[MATERIAL SUPPLIED Boundary: Start]

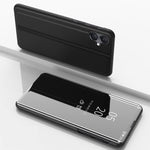 Custodia per telefono in pelle flip orizzontale placcata a specchio con supporto, For Galaxy A16 5G, For Galaxy A06 4G, For Galaxy S24 FE 5G, For Galaxy M55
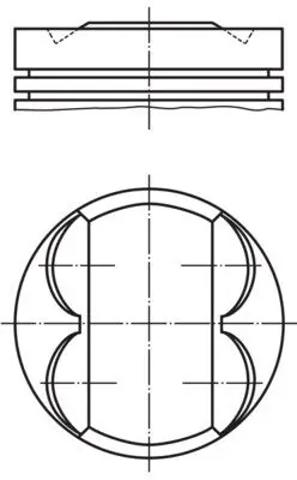 Купить 081PI00107002 Mahle Original Поршень в сборе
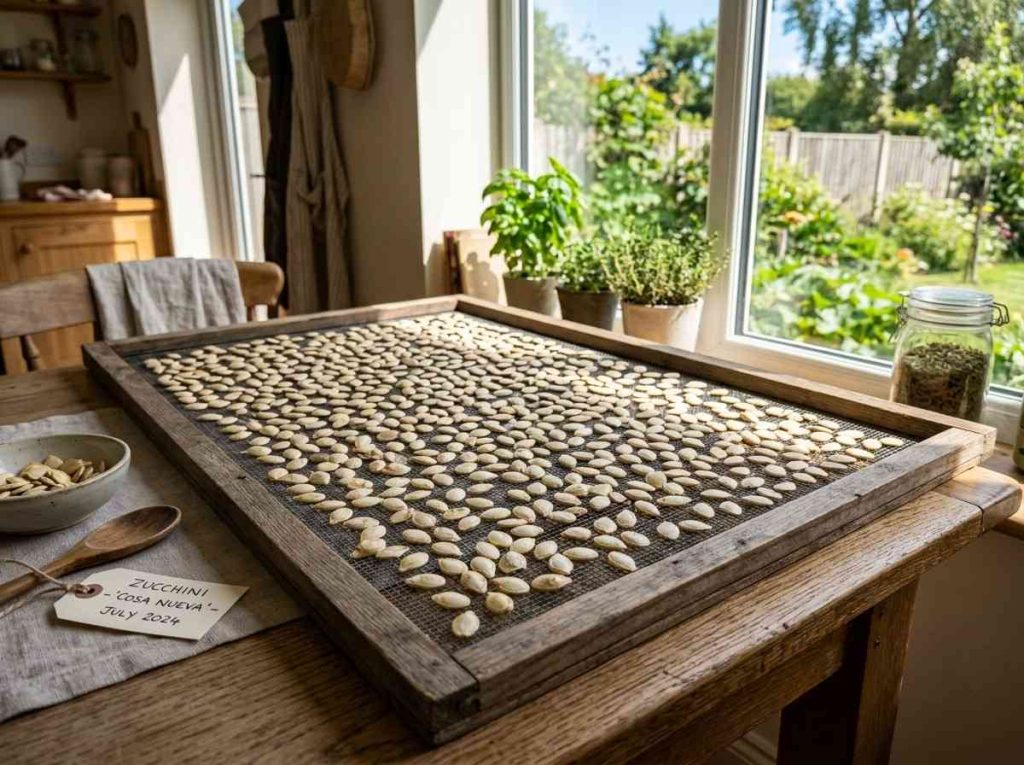 How to Save Zucchini Seeds using proper storage method for long term use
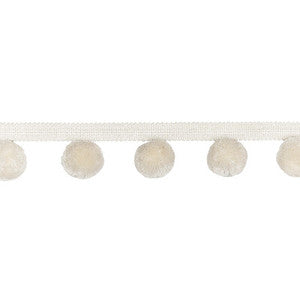 Kravet Trim Paradise Poms Ivory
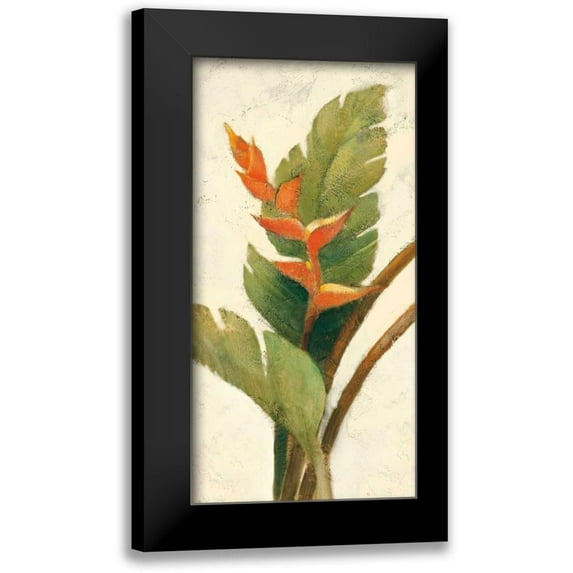 Hristova, Albena 11x18 Black Modern Framed Museum Art Print Titled - Halconia Blossom on White
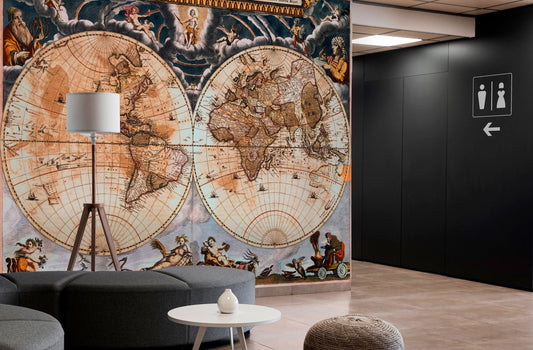 Renaissance Map Mural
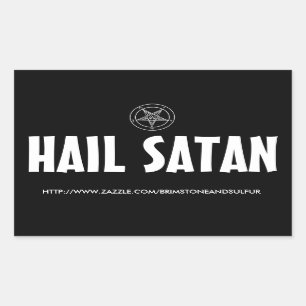 Hail Satan Rectangle Aufkleber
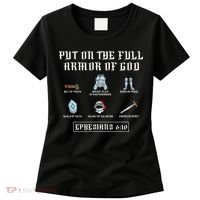 Put On The Full Armor Of God Funny Saying Christian Women's T-Shirt thumb 0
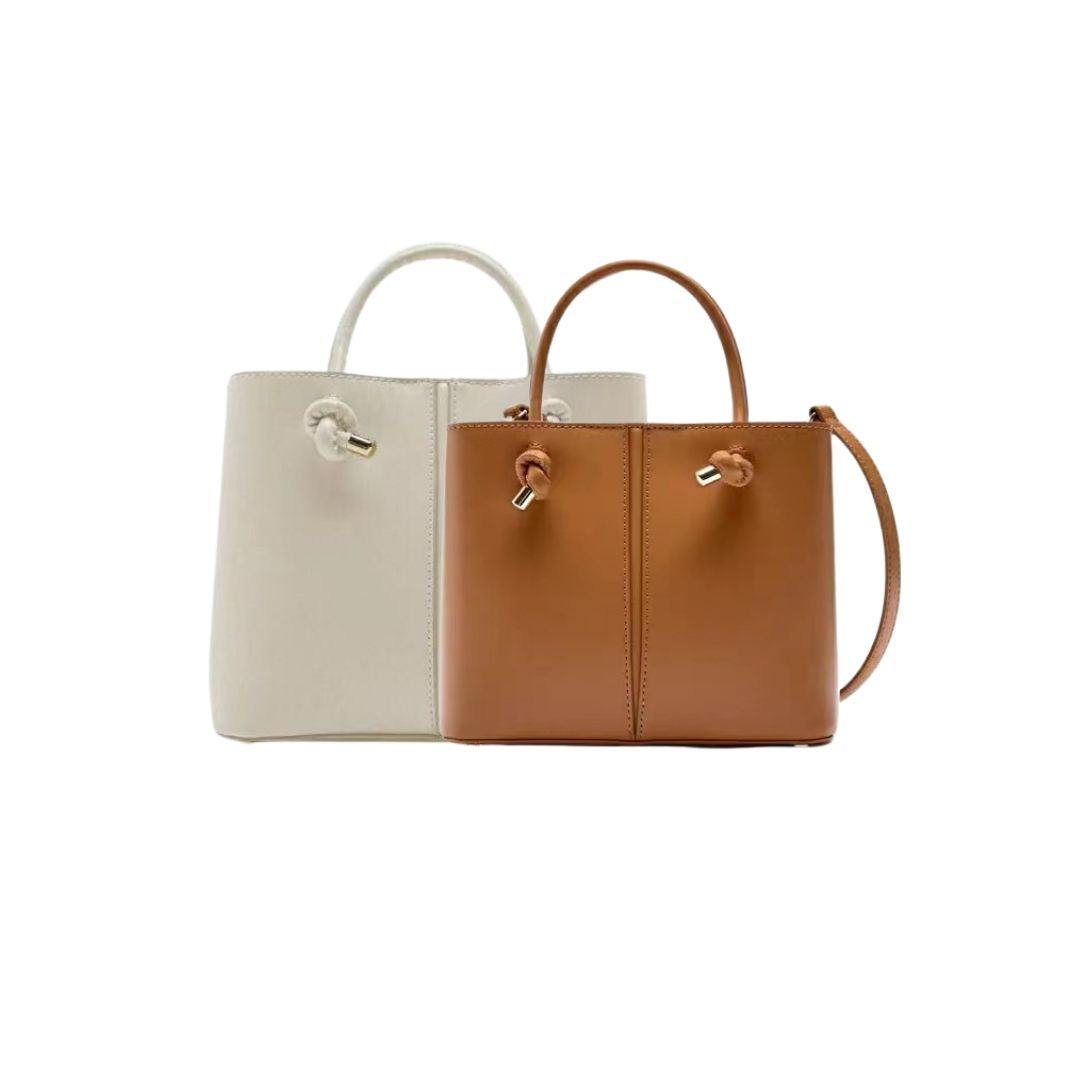 Retro Crossbody Bucket Handbags - Premium Leather | Pejayz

[MATERIAL SUPPLIED Boundary: End]

*TASK INSTRUCTIONS*
Reproduce exactly, and only, the lines from the one containing "Kravet Trim Paradise Poms Ivory" through the last line of the records above, both included, leaving out any pictures.

*WRITTEN SOLUTION*
 Kravet Trim Paradise Poms Ivory
 Hristova, Albena 11x18 Black Modern Framed Museum Art Print Titled - Halconia Blossom on White
 Renaissance Map Mural
 Hail Satan Rectangle Aufkleber
 Put On The Full Armor Of God Funny Saying Christian Women's T-Shirt thumb 0
 Retro Crossbody Bucket Handbags - Premium Leather | Pejayz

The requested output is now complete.